Student BMJ
Student BMJ (SBMJ; Student BMJ) is an international website for medical students and junior doctors from the BMJ Group.
On 21st April the new website was born, sharing her birthday with Iggy Pop and Queen Elizabeth II. The content is free of charge after registration.
- Content updated at least weekly
- Education: important clinical topics, practical advice, expert tips
- Debates, ethics, art, history, politics, and student experiences
- Careers advice
- Views and reviews
- Access to the rest of the BMJ Group’s content
- International medical events on our events board
- Web 2.0 functionality
The Student BMJ was launched as a print journal in 1992 with the aim of publishing articles for the medical students, and is compiled by a full time student editor, who takes a year out from medical school. International expert authors and students work together to explain how to read research papers, provide practical careers advice, and put theory into practice both in print and online to give medical students everything they need to keep abreast of the latest information.

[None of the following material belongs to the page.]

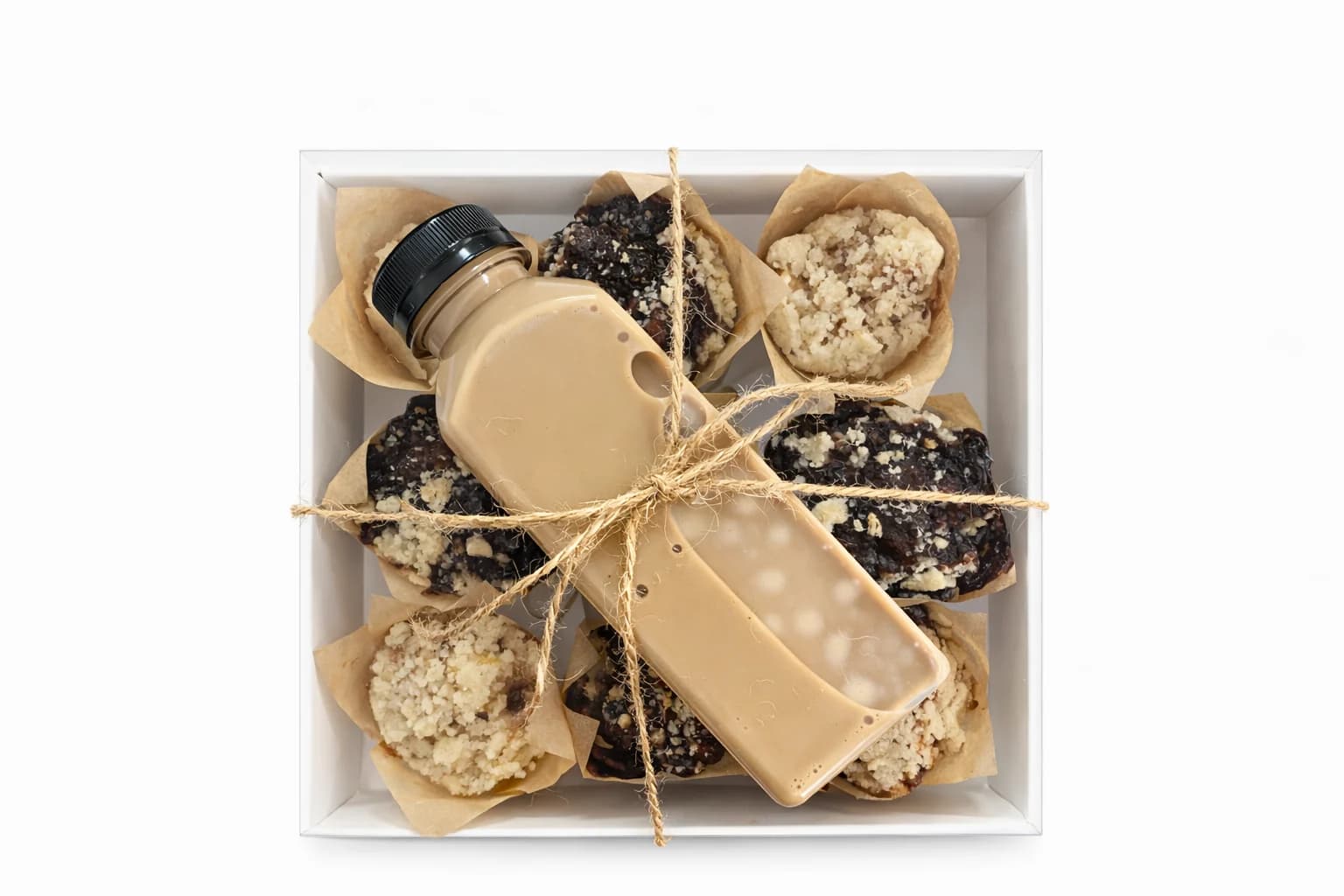Babka muffins and bottled iced coffee arranged in a clear gift box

The current student editor is Prizzi Zarsadias (email: studenteditor@bmj.com) who works together with the current senior editor Giselle Jones, also the editorials editor of the main BMJ, and the managing editor Richard Hurley. The print issue is designed by Adam Di Chiara and the picture editor is Vanessa Fletcher. Leslie Herbst looks after the Marketing and Nick Gray after the Advertising Sales.
Articles
Most of the articles are written by medical students and are submitted rather than commissioned. The Student BMJ publishes News; Editorials; Life (a range of articles including debates, ethics, art, history, politics and student experiences); Careers; Education; Picture quizzes; Research explained (a student friendly look at a BMJ research paper); Views and reviews; and Eyespy (short, quirky medical stories).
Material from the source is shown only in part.